- **EXERCISE GOAL**
Each line from the one containing "White flower petals on table" to the end of the entries below is to be set down exactly; the pictures are not.

- **EXERCISE INPUTS**
Content starts

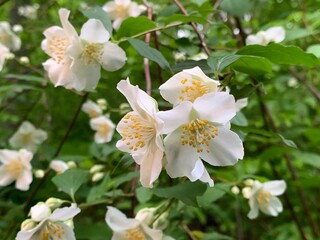 Sweet mock orange displays vivid white blossoms as it blooms in Indiana.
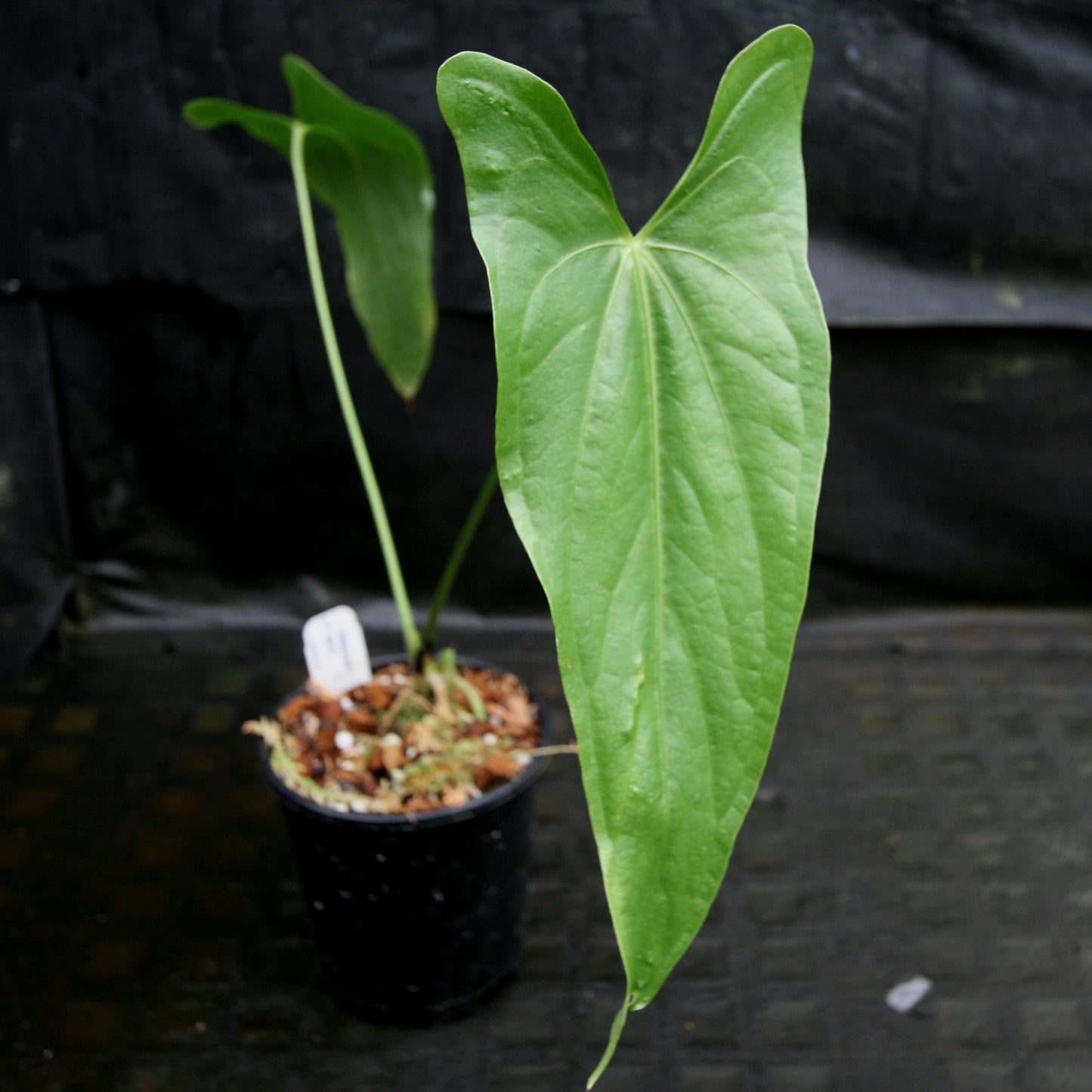 anthurium arrowhead Anthurium sp. 8 – Carnivero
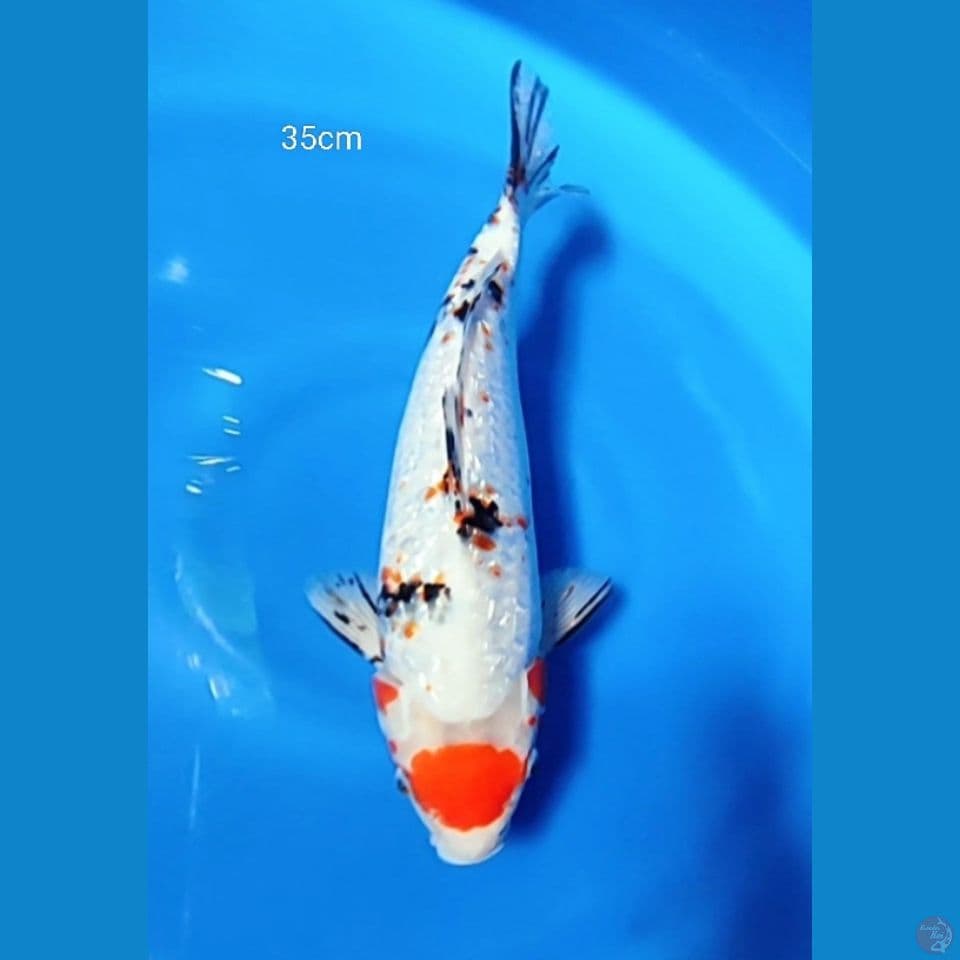 Kanoko sanke ginrin 35cm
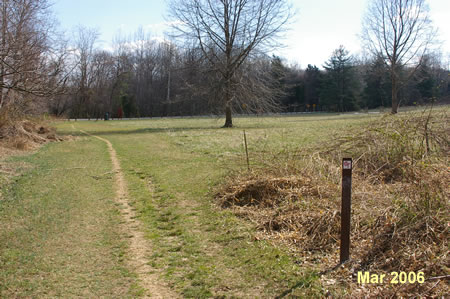 The trail emerges from the woods into a meadow.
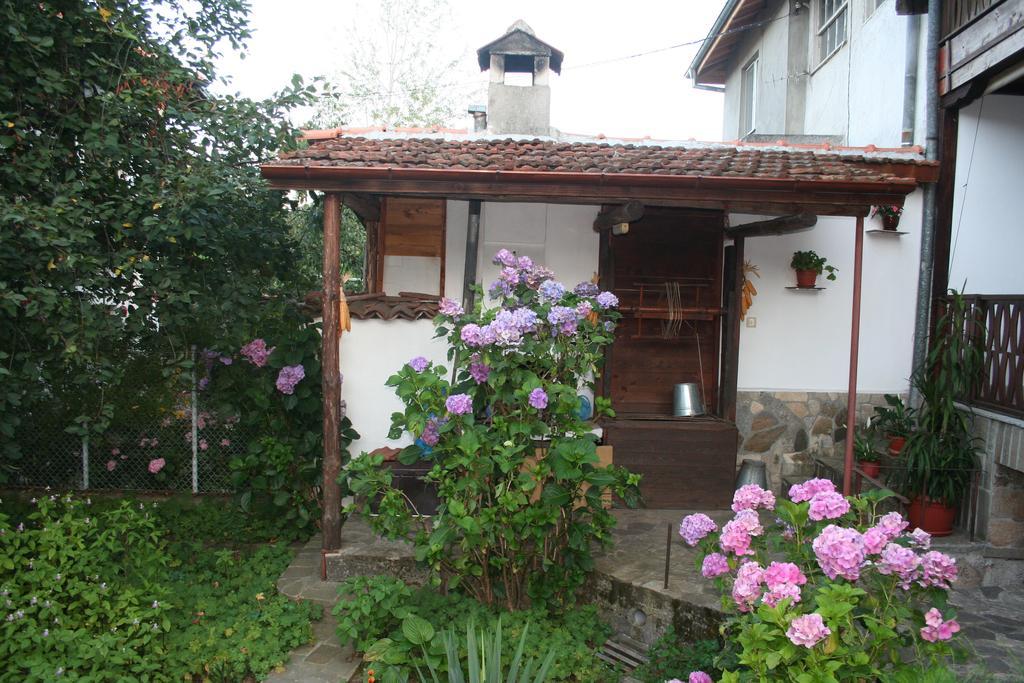 Todorova House Hotel Zlatograd Eksteriør billede
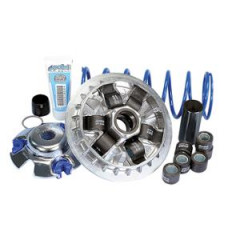 Variateur maxi-scooter Polini Hi-Speed 300/350 KAWASAKI J300/Downtown 350i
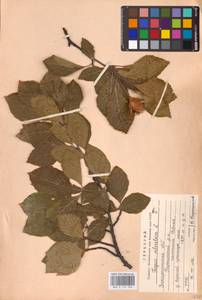 Fagus sylvatica L., Eastern Europe, West Ukrainian region (E13) (Ukraine)
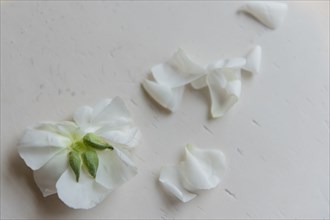 White flower petals on table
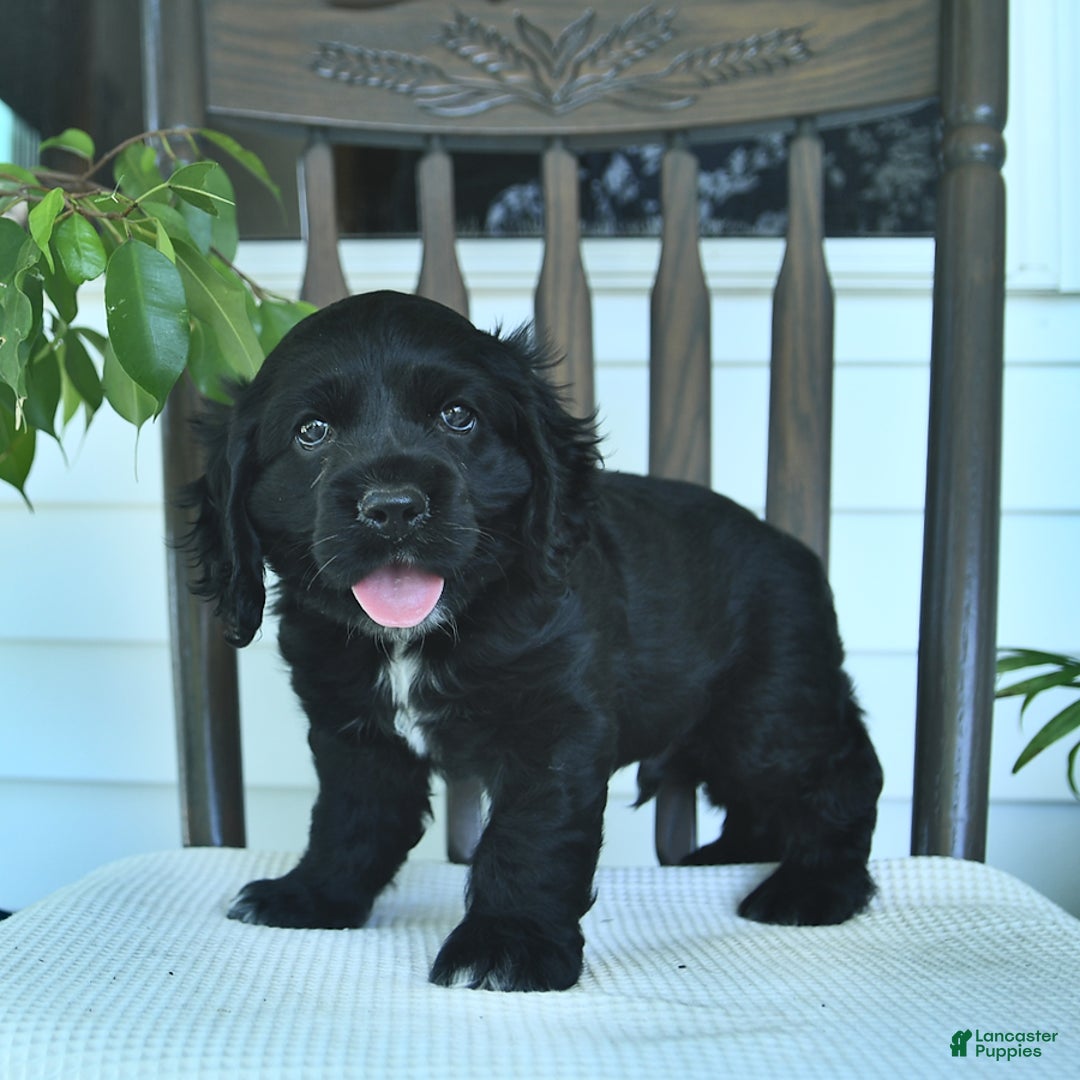 Cocker Spaniel dogs for sale: Aladdin - Image 1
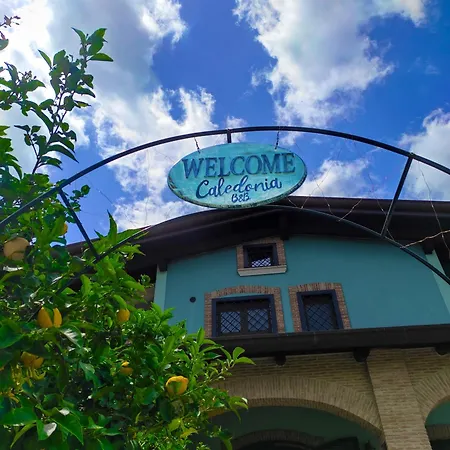 Caledonia Bed & Breakfast *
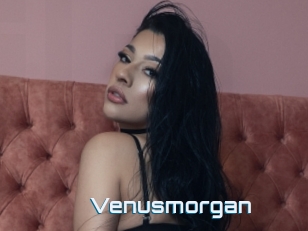 Venusmorgan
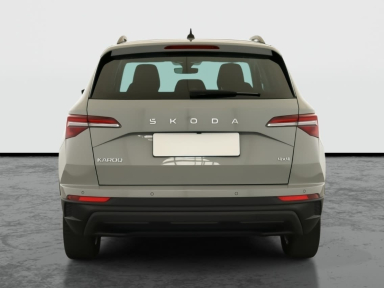 Škoda Karoq - 2024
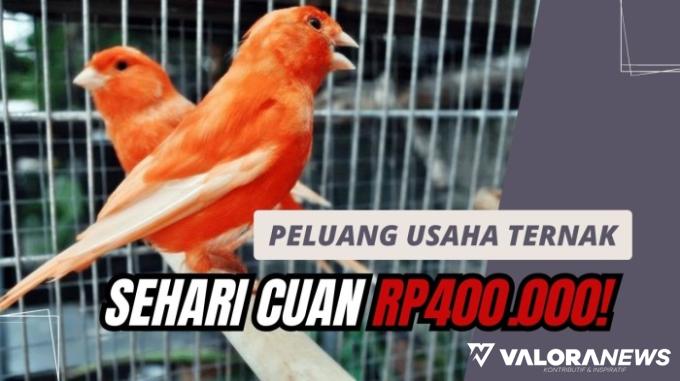 Sehari Cuan Rp400 Ribu, Emang Bisa? Cobain 4 Ide Usaha Ternak Berikut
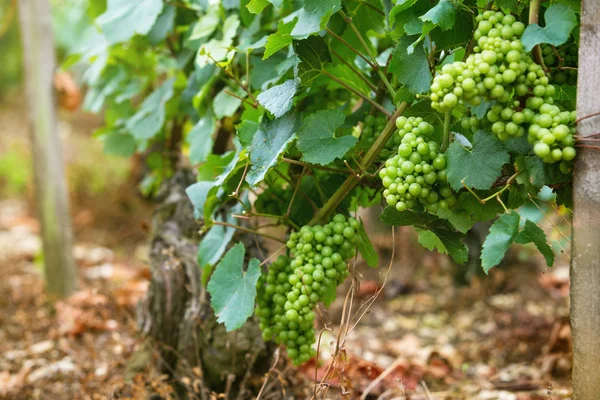 Groene druiven op de wijnstok — Stockfoto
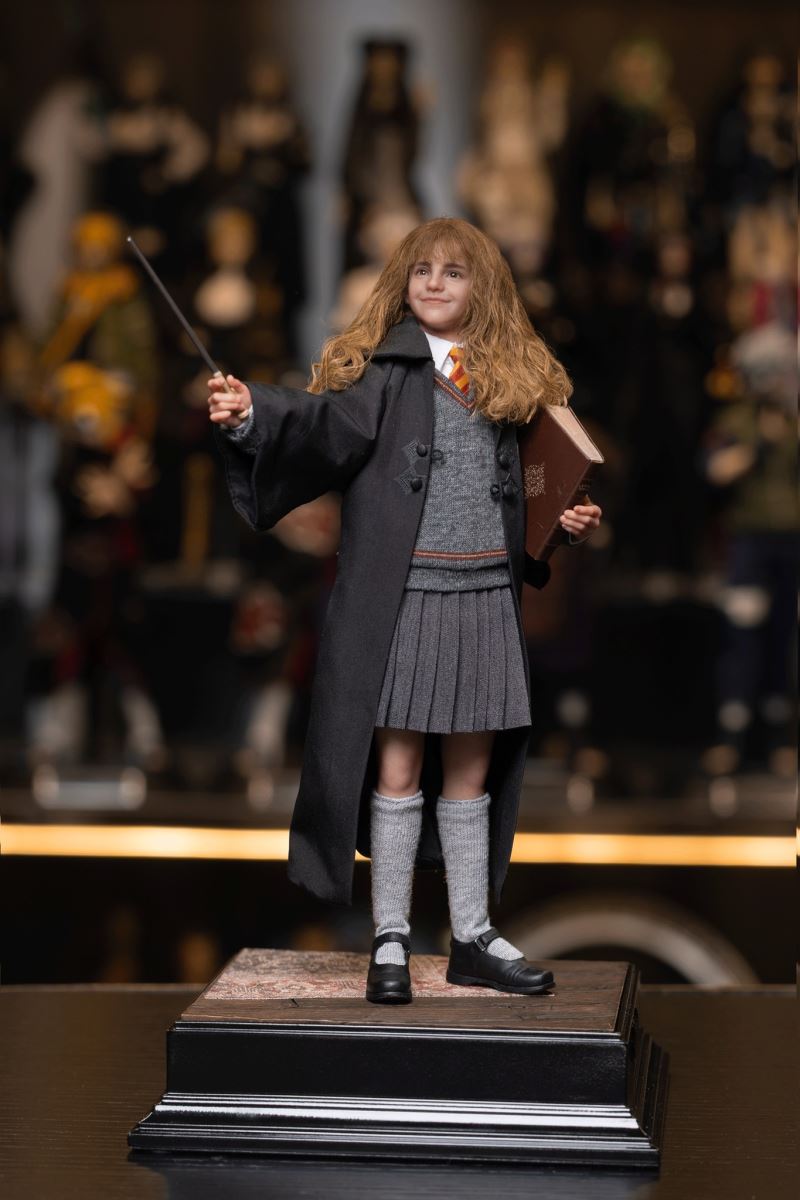Harry Potter / Hermione / Ron 1/6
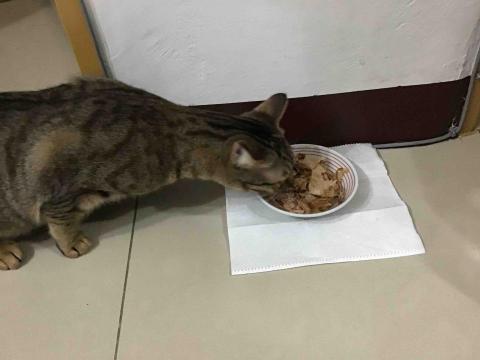 ButterCat 好油貓管家 - 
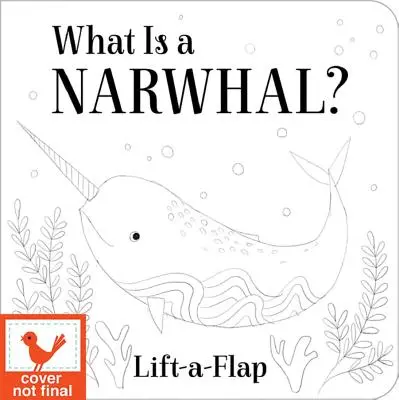 ¿Qué es un narval? - What Is a Narwhal?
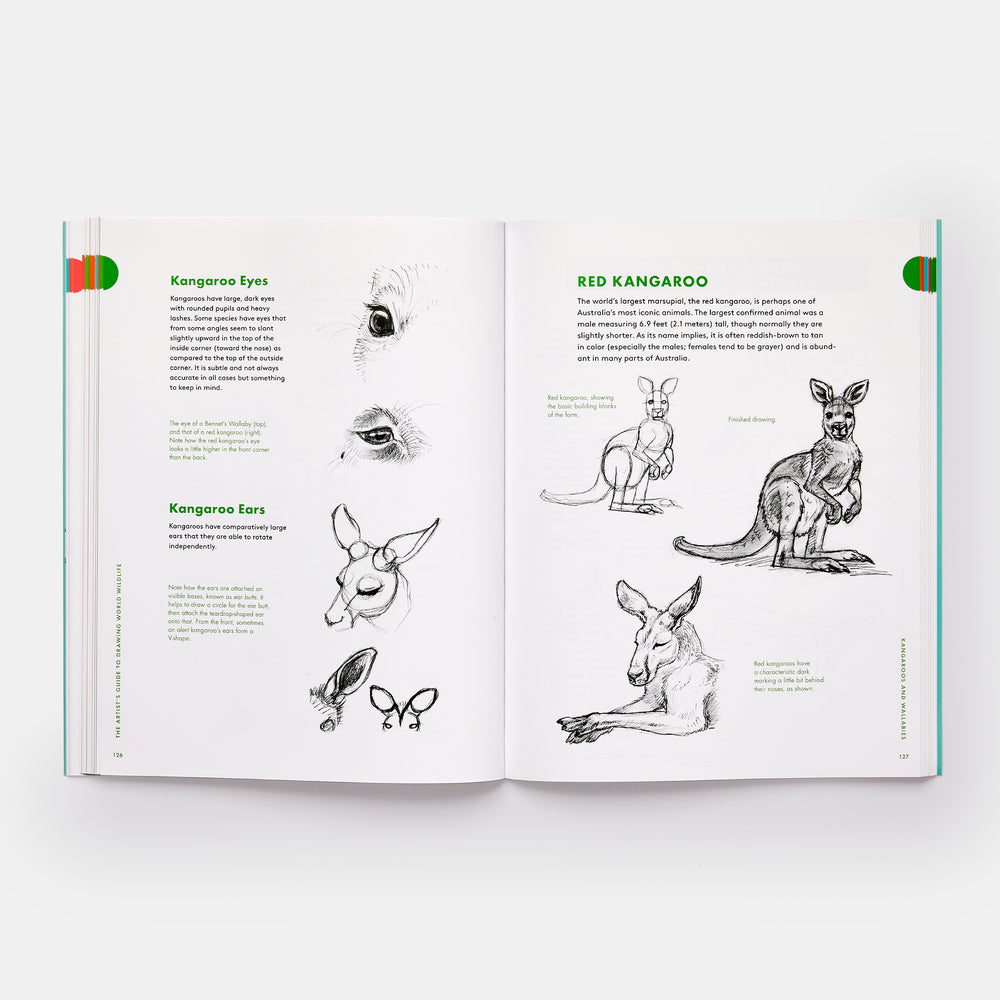 Artist's Guide to Drawing World Wildlife: Essential Step-by-Step Lessons for Beginners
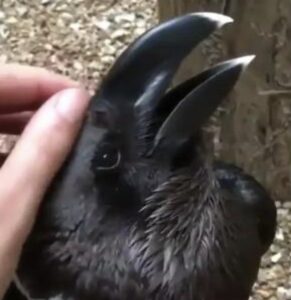 Iedereen ziet iets anders: Zie jij een konijn of een kraai?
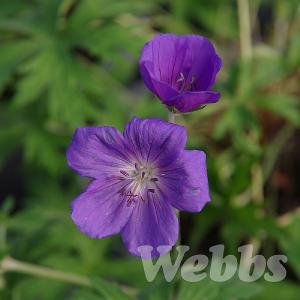 Geranium pratense 'Eureka Blue'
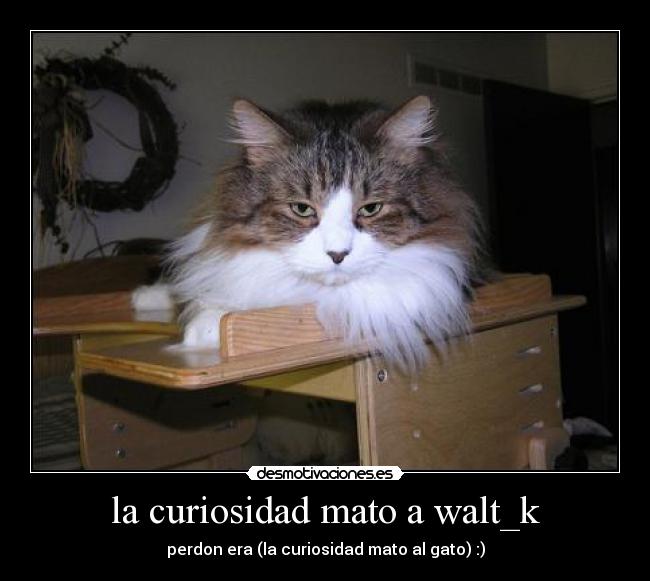 la curiosidad mato a walt_k -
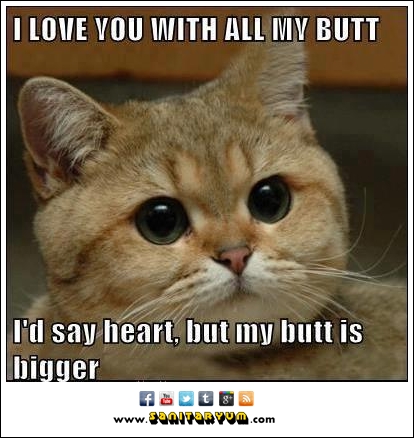 butt.jpg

Content ends

- **ANSWER FOR THIS EXERCISE**
 White flower petals on table
 Cocker Spaniel dogs for sale: Aladdin - Image 1
 Caledonia Bed & Breakfast *
 Venusmorgan
 Škoda Karoq - 2024
 Sehari Cuan Rp400 Ribu, Emang Bisa? Cobain 4 Ide Usaha Ternak Berikut
 Groene druiven op de wijnstok — Stockfoto
Harry Potter / Hermione / Ron 1/6
 ButterCat 好油貓管家 - 
 ¿Qué es un narval? - What Is a Narwhal?
 Artist's Guide to Drawing World Wildlife: Essential Step-by-Step Lessons for Beginners
 Iedereen ziet iets anders: Zie jij een konijn of een kraai?
 Geranium pratense 'Eureka Blue'
 la curiosidad mato a walt_k -
 butt.jpg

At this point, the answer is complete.